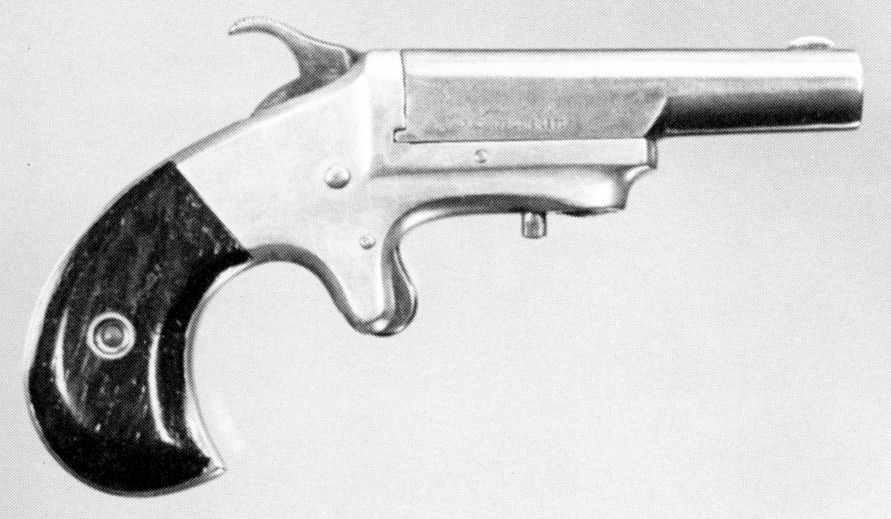 .22 Caliber Model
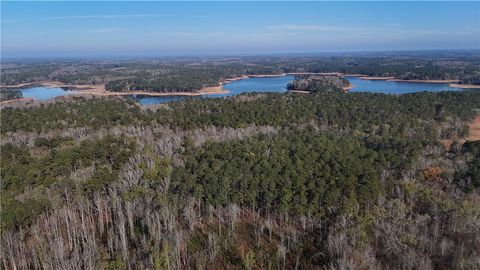 Photo of 0 COUNTY ROAD 222, Lanett, AL 36863 (MLS # 177739)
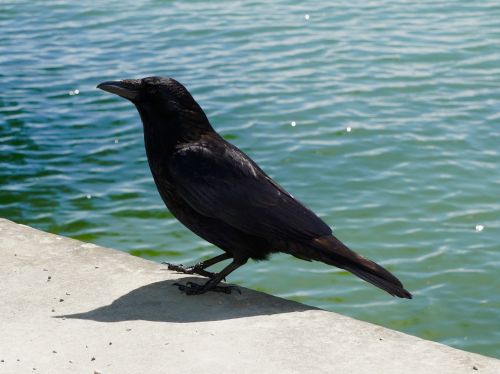 animals bird raven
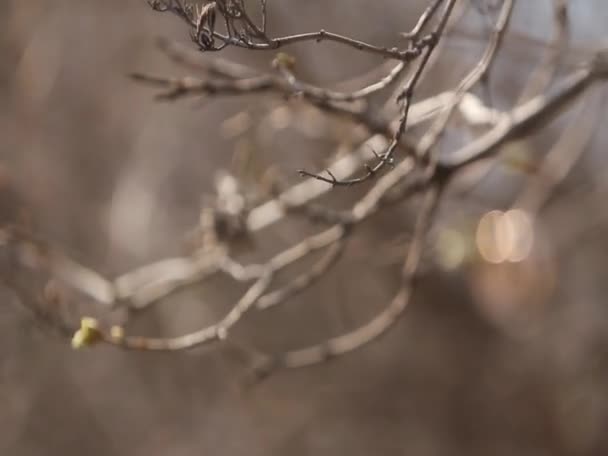 Wedding rings weigh on branch — Stock Video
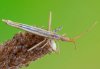 Chorosoma schillingii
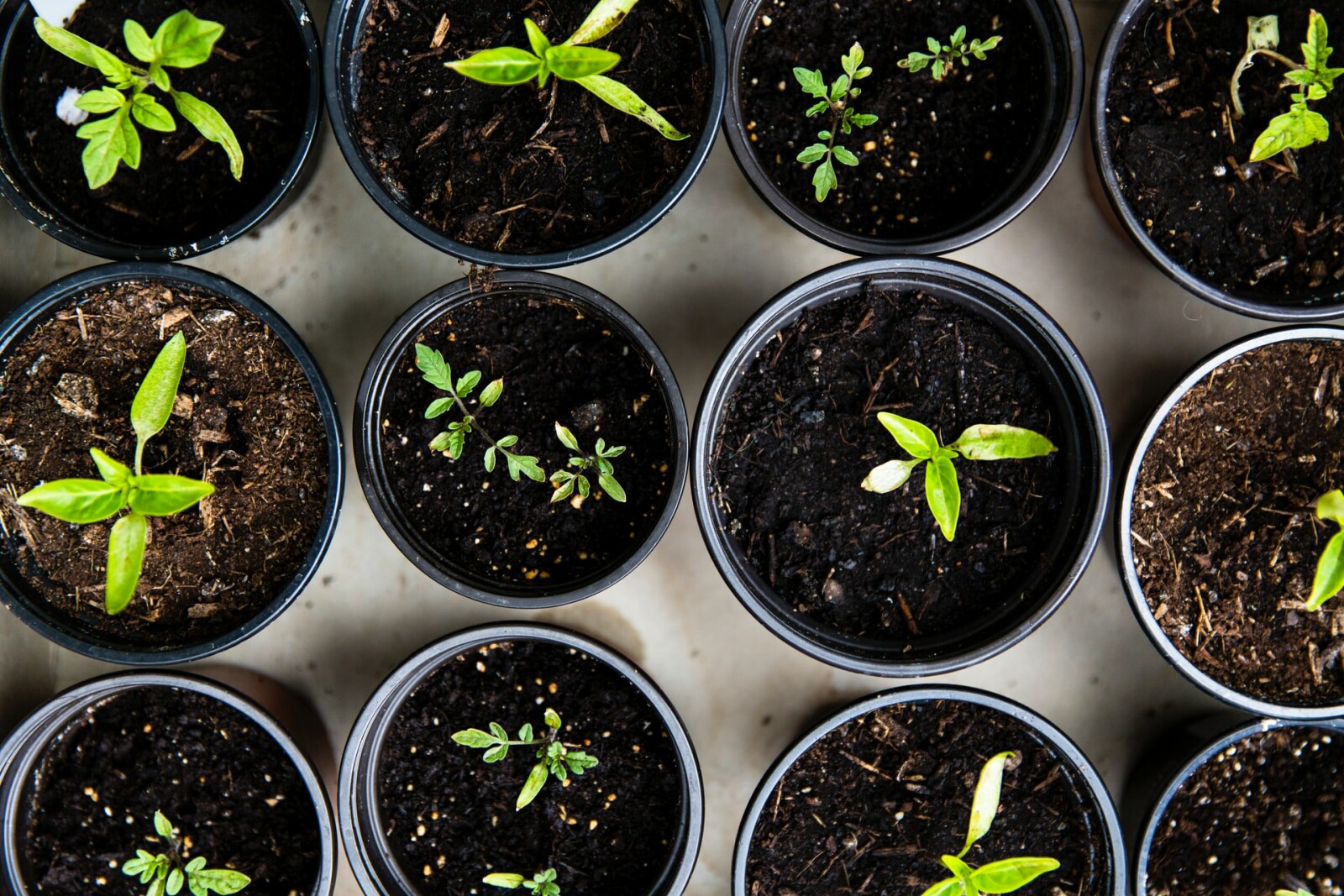 When to start seeds for the garden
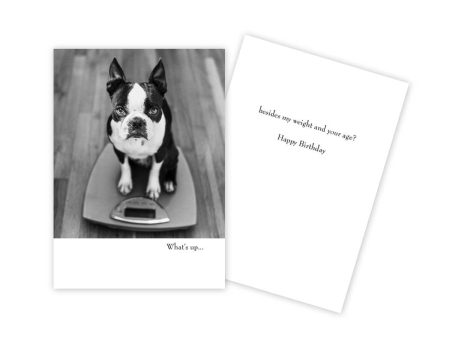 Dog on Scale Funny Birthday Card on Sale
########
• _What you should do_
Transcribe all of the material exactly and leave out its pictures.

• _Solved problem_
 .22 Caliber Model
 Photo of 0 COUNTY ROAD 222, Lanett, AL 36863 (MLS # 177739)
 animals bird raven
 Wedding rings weigh on branch — Stock Video
 Chorosoma schillingii
 When to start seeds for the garden
 Dog on Scale Funny Birthday Card on Sale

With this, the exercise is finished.